"Fugimos do abismo da vida, e fugimos da vida - embora tal seja uma autentica estupidez. Se fugimos da vida, caminhamos para o abismo; se fugimos do abismo, abraçamos o calor frio da vida. E talvez porque somos humanos, voltamos novamente a perder o comboio, e novamente, e novamente - e assim continuamos, e assim caímos, e assim caem connosco. Perdemos quem amamos, perdemos quem odiamos [ódio este que somente demonstra que tais pessoas fazem parte do nosso espelho de vida].
Perdemo-nos - oh, como o comboio já lá vai!" - J. A.

domingo, 14 de novembro de 2010

Bairro Alto

        A chuva cai, forte, pelo Chiado abaixo, pelo Chiado acima. Subo-o com a mesma vontade que desço as escadas ao sair de casa todos os dias e ao passar pela Brasileira, e ao acenar ao Pessoa, sinto-me num mundo estranho, adulto e adulterado e nem por isto mais ou menos esquisito. Não me reconheço na multidão de lémures até porque me não identifico com eles e o vir para aqui sozinho ao sábado à noite não foi boa ideia, de certeza.
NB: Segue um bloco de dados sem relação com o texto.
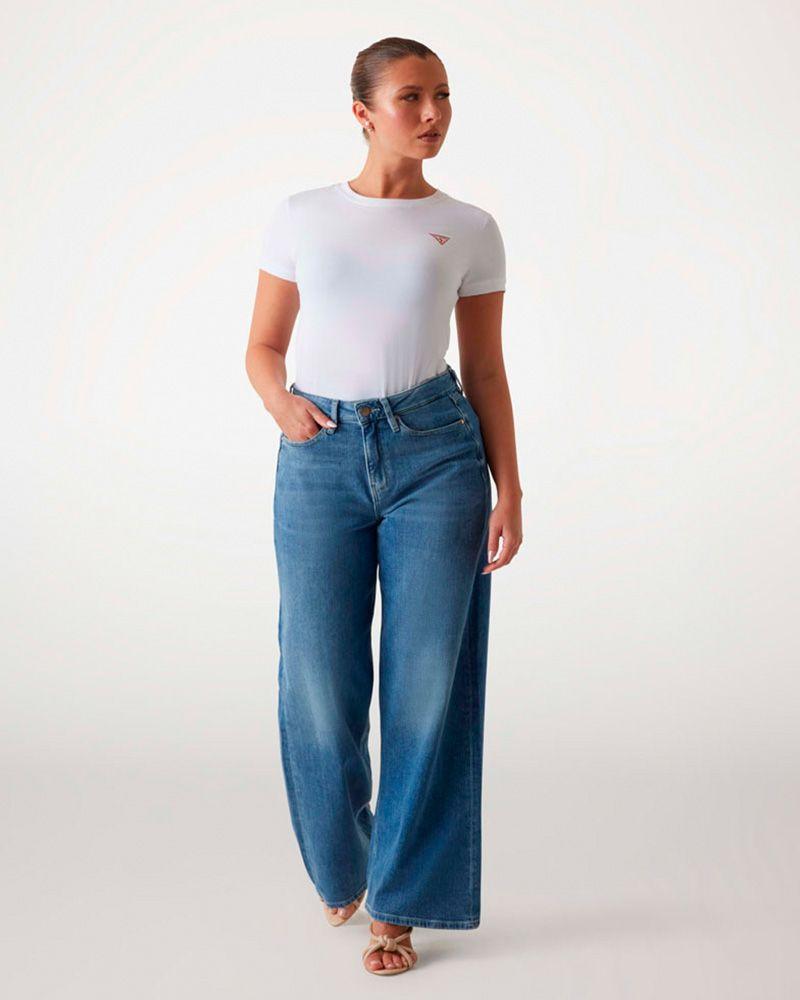 Polera Guess Mujer Ss Cn Mini Triangle Tee Blanco-1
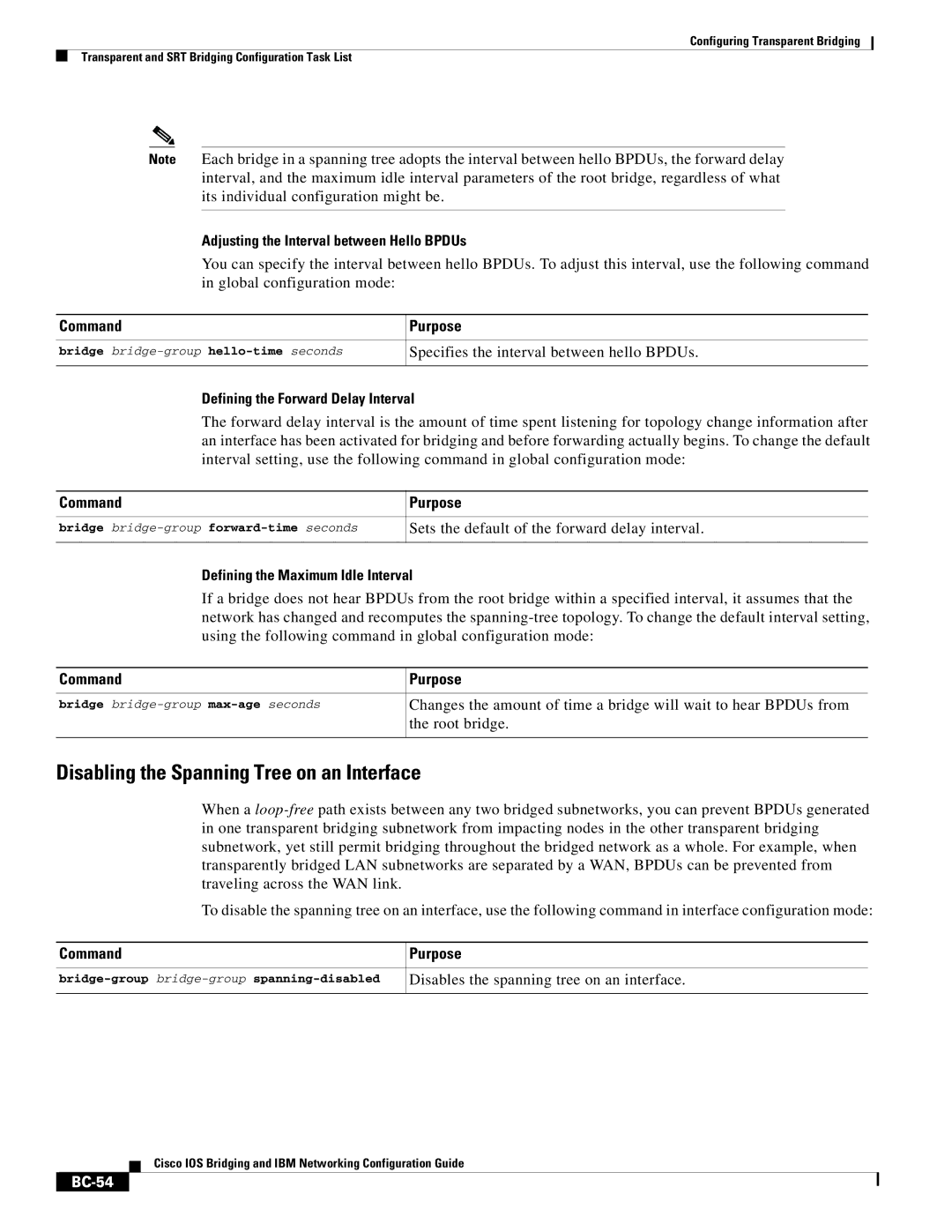 Cisco Systems BC-23 manual Disabling the Spanning Tree on an Interface, Adjusting the Interval between Hello BPDUs, BC-54 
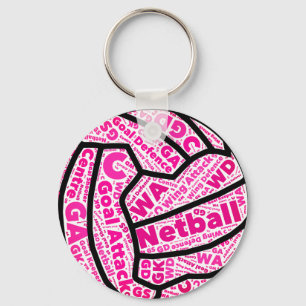 Customizable Netball Positions Ball Themed Key Ring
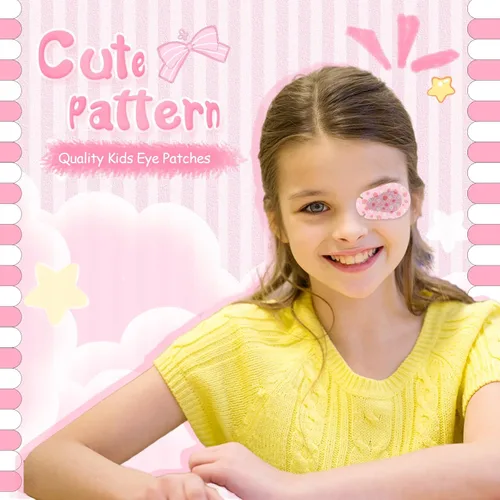 Miniatura 5 de Copkim 100 parches adhesivos para los ojos para niños y niñas, lindo parche para ojos de niños pequeños, colorido y transpirable, parche perezoso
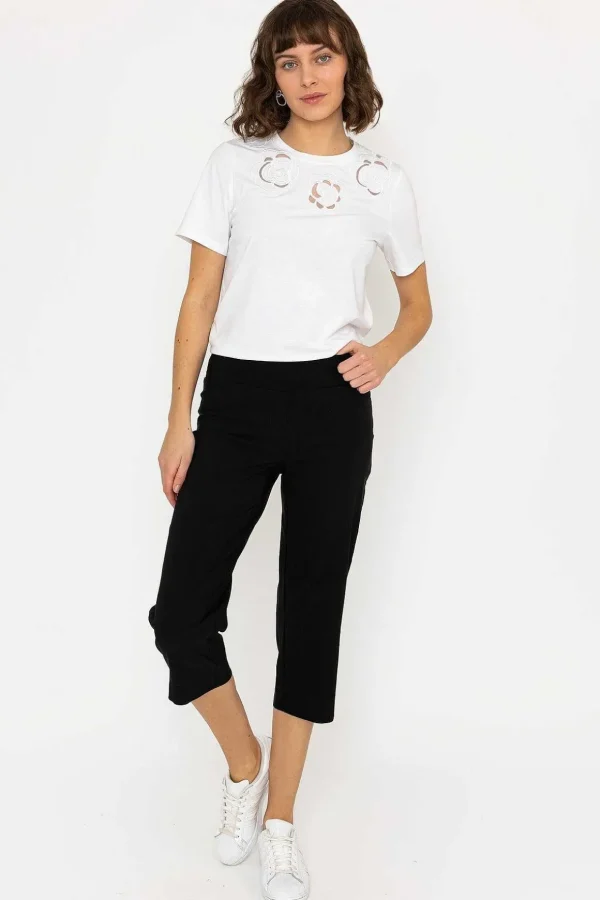 Bengaline Crop Pants In Black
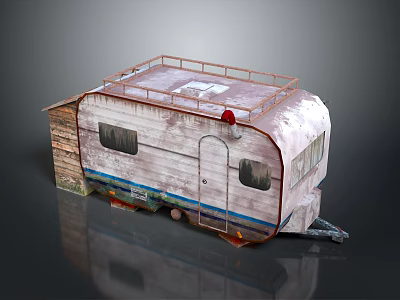 Vintage Camper Van With Worn White Exterior Roof Railing And Blue Stripe 3d model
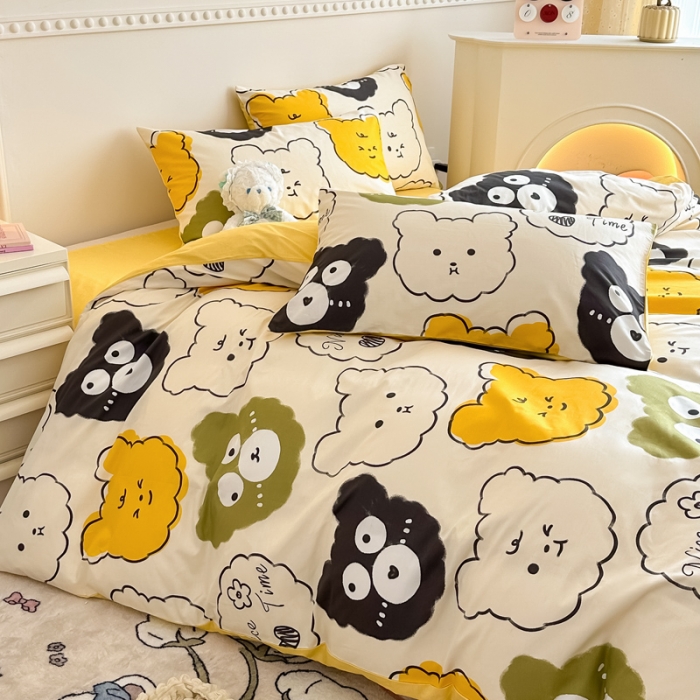 91家纺网 家纺一手货源 找家纺 简宜家居 2025新款40支13070纯棉花卉系列四件套 瞅瞅熊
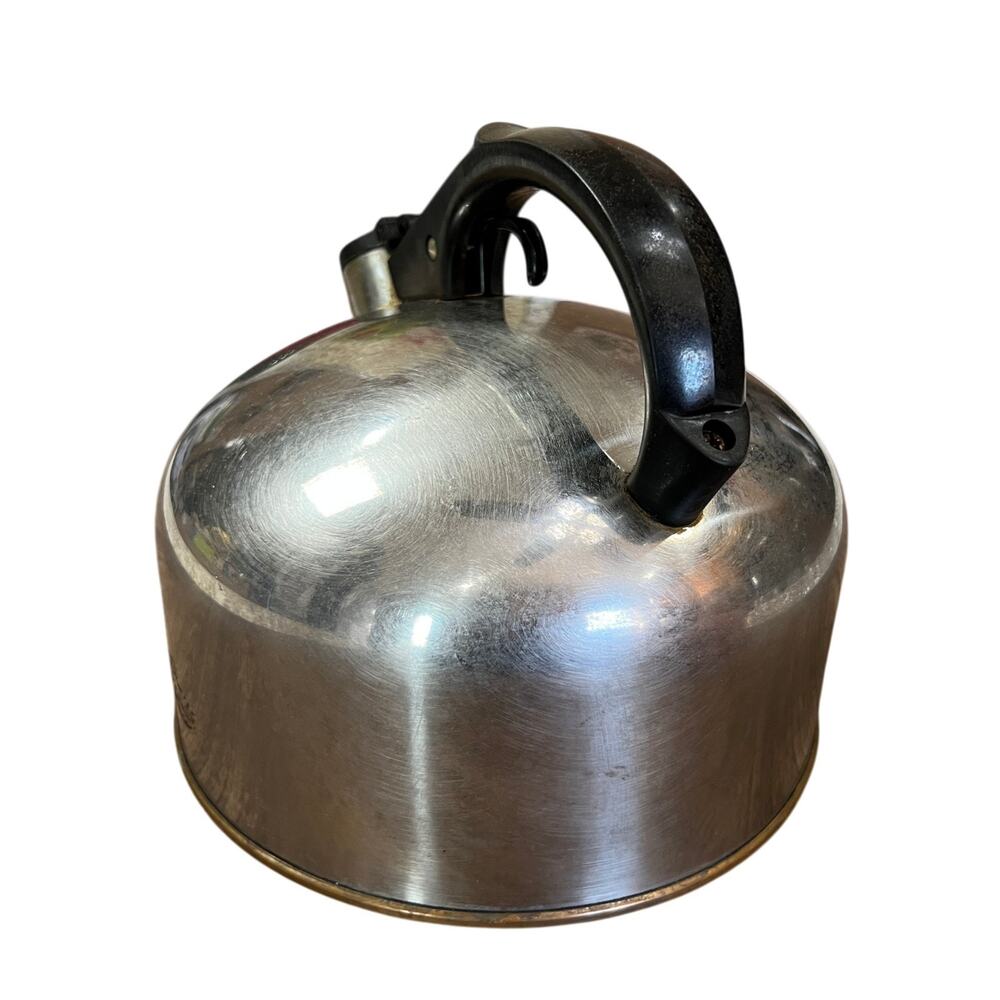 Vintage Paul Revere Ware Whistling 8" Tea Kettle Copper Bottom DENTED - Picture 10 of 11
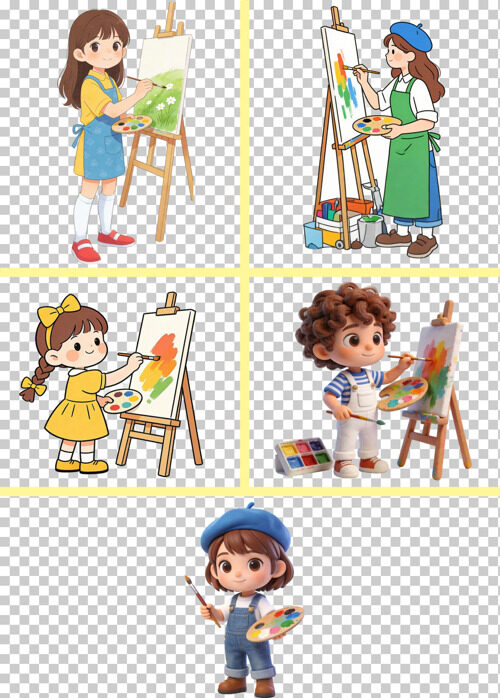 简约扁平童趣卡通儿童画画场景插画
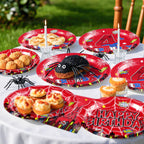 Grencian 96Pcs Spider 4th Birthday Party Supplies – 24 Guests, Red & Blue Hero Theme Plates, Napkins & Forks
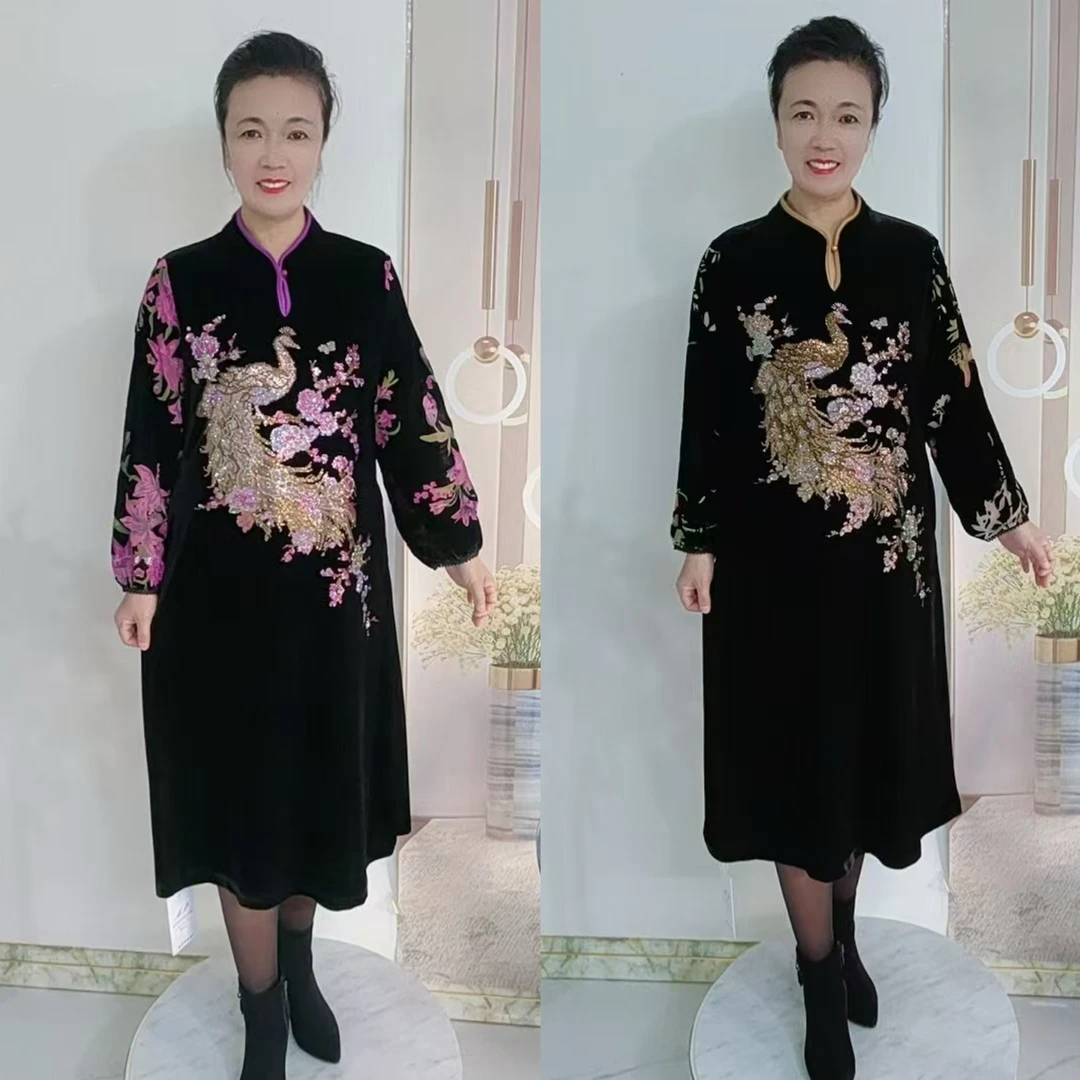 时尚韩版钻石绒旗袍领连衣裙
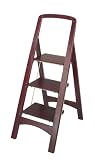 Cosco Three-Step Wood Folding Step Stool 225-lb Duty Rating Mahogany Finish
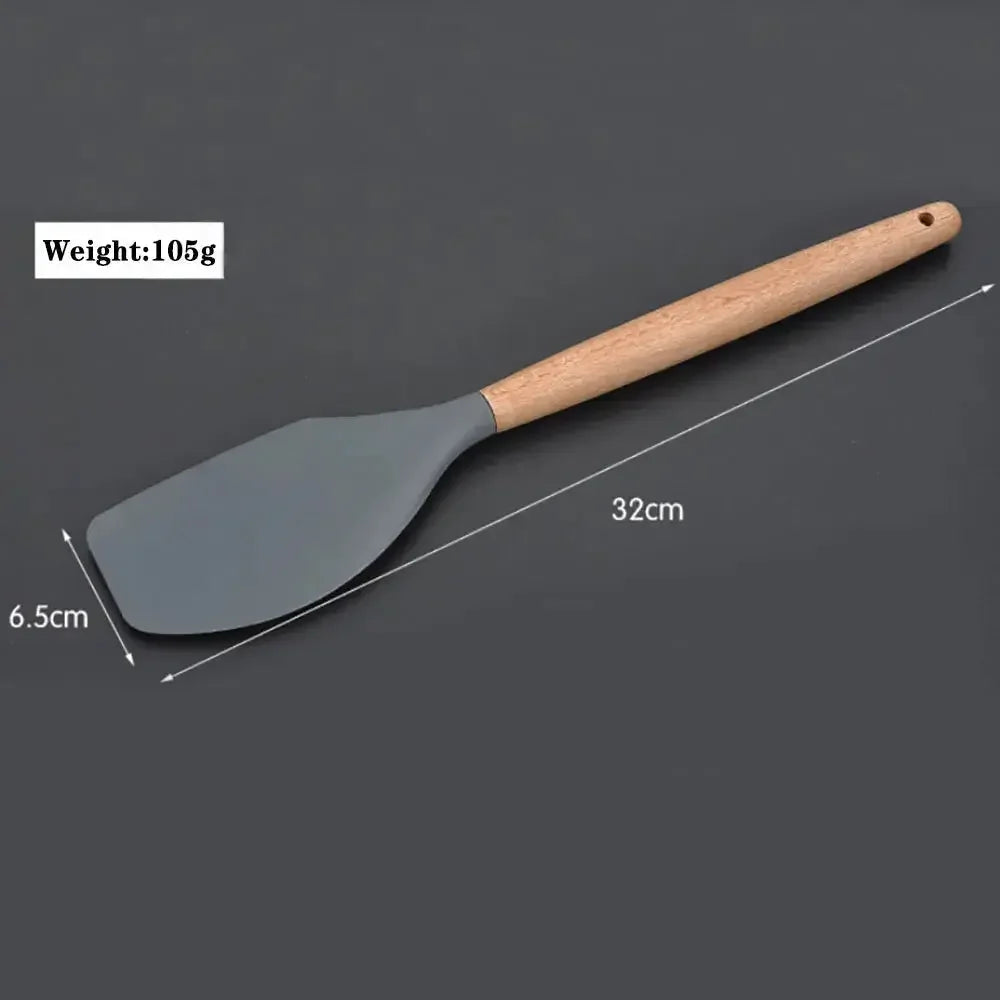 Silicone world Cooking Kitchenware Tool Silicone Utensils With Wooden Multifunction Handle Non-Stick Spatula Spoon Brush - Confia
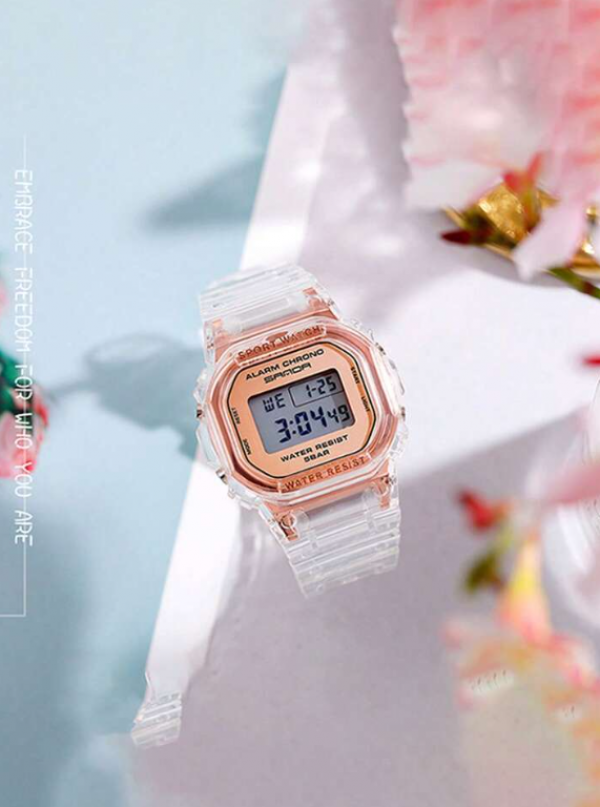 Jam digital dengan tampilan holografik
À minha volta toda a gente igual, os mesmos rostos, as mesmas roupas, as mesmas conversas processadas, já digeridas, ruminadas e cuspidas por alguém para outros as aproveitarem e todo o degredo do Bairro Alto que tanto me fascina como me repulsa. E passo por ruazinhas e travessas e vielas e o raio que o parta e a cada intersecção já sei o que esperar pois nunca muda; pessoas encostadas a paredes a sugarem as faces uns aos outros, cigarros e charros e merdas do género segurados todos da mesma forma, só porque é fixe, só porque fica bem e garrafas pelo chão e copos na mão e pessoas bêbedas e inconscientes e, muitas vezes, já inconscientes antes de bêbedas a confundir-se com o lixo e o mijo das ruas, nas ruas. O cheiro acre a ruína que se evola de cada sarjeta, de cada paralelo, de cada boca que por ali anda e o monocromatismo de um mundo multicolor de roupas e cinzento de moral. E eu pergunto-me se encaixo ali e chego à conclusão que não, que muito provavelmente não; serei eu ainda do tempo do Passeio Público ou será que esta gente é que está numa fase de Roma decadente, muito à frente num tempo que não consigo (nem quero) divisar, presos a um passado que há muito devia ter sido obliterado? Não sei. Só sei que, se eu fosse José Régio e isto fosse um Cântico Negro, terminaria este…texto? Nota? Coisa? Com um “Não sei para onde vou, sei que não vou por aí”.

1 comentário:

SusanaPacheco disse...

Muitas vezes sinto o mesmo sentimento de estranheza e de "não-pertença", ao passar por esses locais da nossa Lisboa.
Texto muito bonito, com uma bela descrição :) Parabéns!